> [TASK ITEM]:
Once you find the line with "The Expert mode" in the listing below, please repeat it and every later line exactly, through the last one, without pictures.

> [RECORDS]:

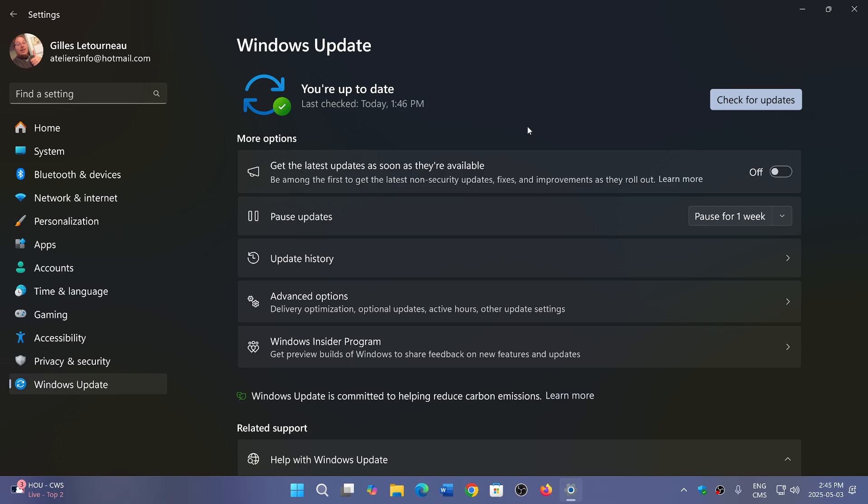So 24H2 will be the one to continue using, and you probably will need to be at 24H2 if you ever want to have 25H2. You can't really jump over a version. You have to follow the order of things.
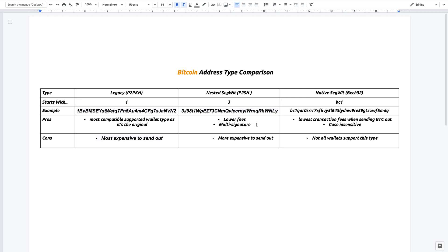This means that you require a certain number of people to sign off on a transaction. For example, for legacy, only you or one person would need to sign off on a transaction. But here you can opt in to have many people sign off on a transaction. That's one of the features of this.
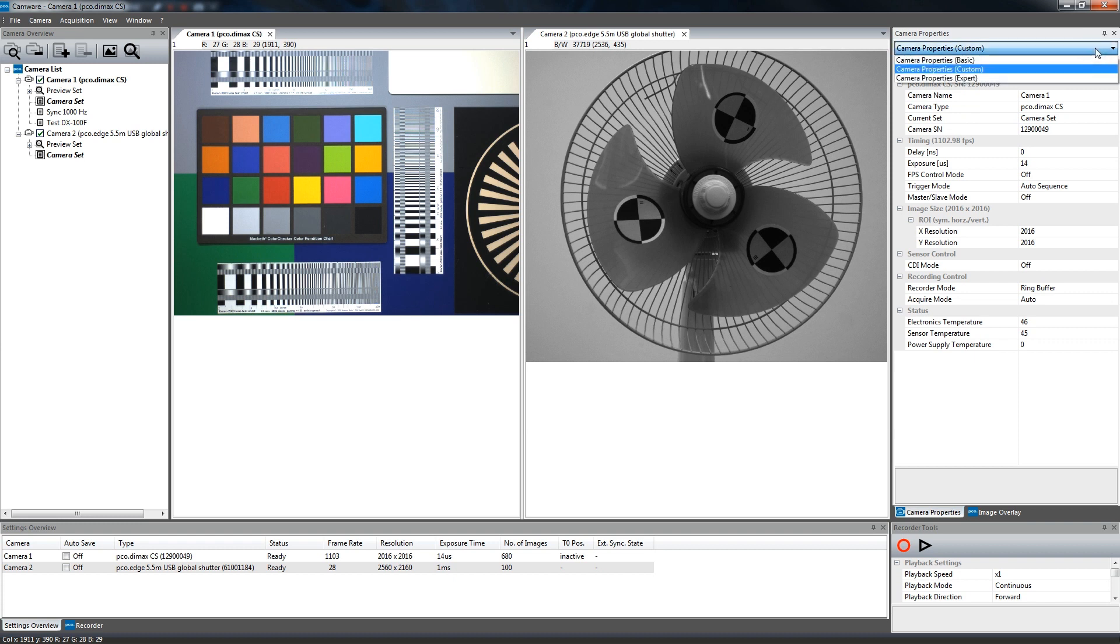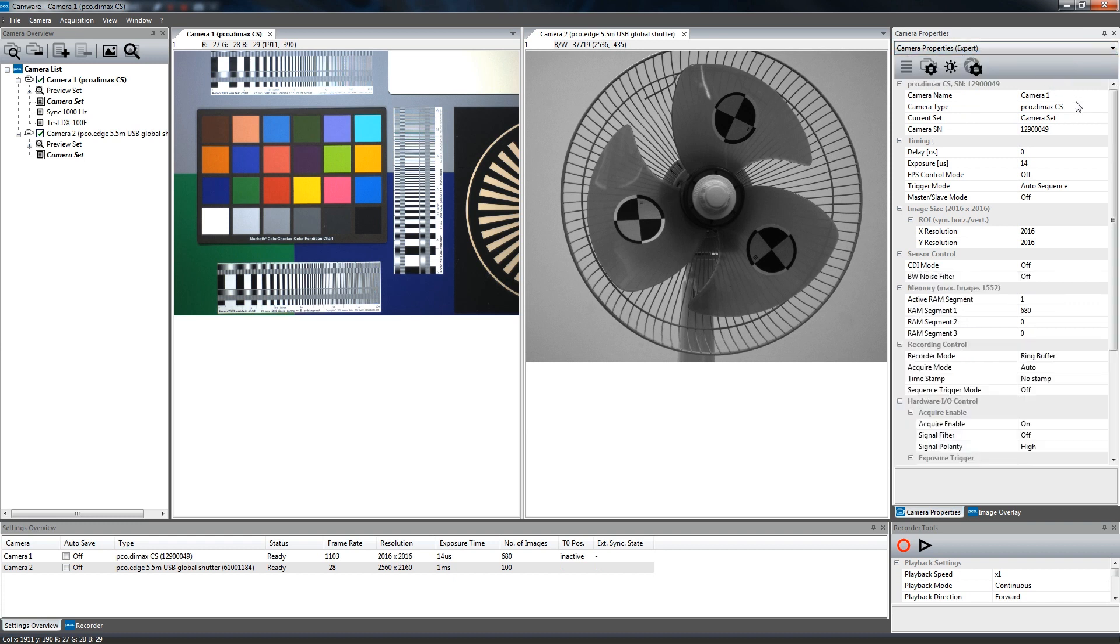The Expert mode shows all possible camera settings for advanced users.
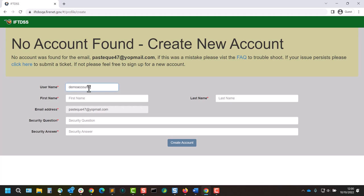We'll enter the required information here. One note on username: this will be displayed on many exportable IFTDSS reports and summaries, so pick one that you don't mind sharing.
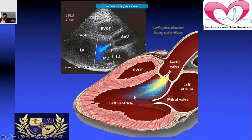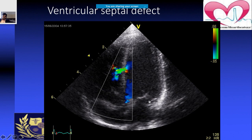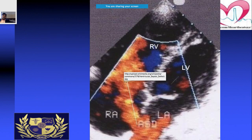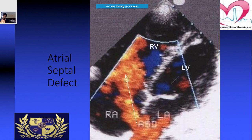This shows a ventricular septal defect with color Doppler, and in this next segment you can clearly see an atrial septal defect.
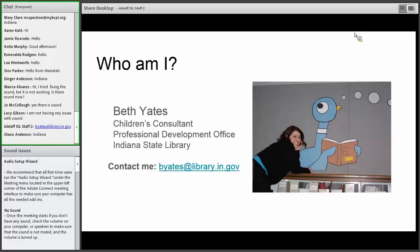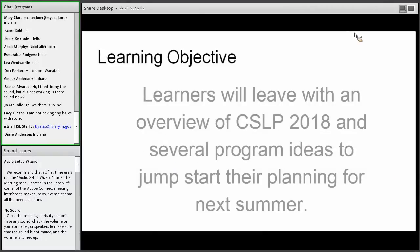If you're from another state, you will contact your representative, which is often your representative at a state library. I'm going to show you where you can find information about the rules of use for artwork. If you can't figure it out yourself, feel free to email me and I'll talk to the home office. The purpose of this training is divided into two parts: first, a general overview of the CSLP 2018 program, including the slogan, the artwork, the manual, and reproducibles.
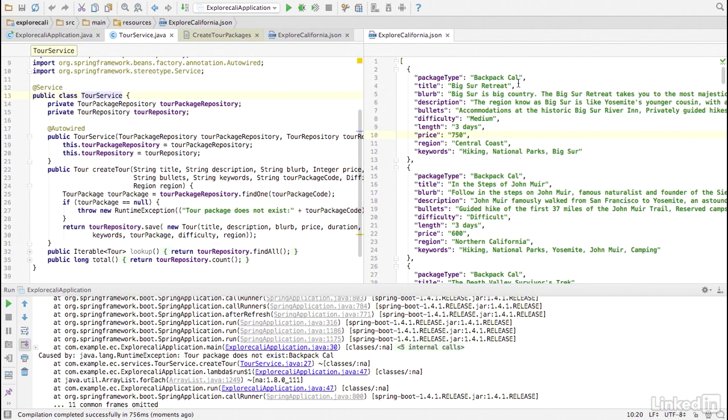In createTor, we look up the TOR package by the code, but we only have the TOR package name in the data file. We need to look up the TOR package by the name. This is possible with Spring Data JPA query methods.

> [RESULT]:
The Expert mode shows all possible camera settings for advanced users.
We'll enter the required information here. One note on username: this will be displayed on many exportable IFTDSS reports and summaries, so pick one that you don't mind sharing.
This shows a ventricular septal defect with color Doppler, and in this next segment you can clearly see an atrial septal defect.
If you're from another state, you will contact your representative, which is often your representative at a state library. I'm going to show you where you can find information about the rules of use for artwork. If you can't figure it out yourself, feel free to email me and I'll talk to the home office. The purpose of this training is divided into two parts: first, a general overview of the CSLP 2018 program, including the slogan, the artwork, the manual, and reproducibles.
In createTor, we look up the TOR package by the code, but we only have the TOR package name in the data file. We need to look up the TOR package by the name. This is possible with Spring Data JPA query methods.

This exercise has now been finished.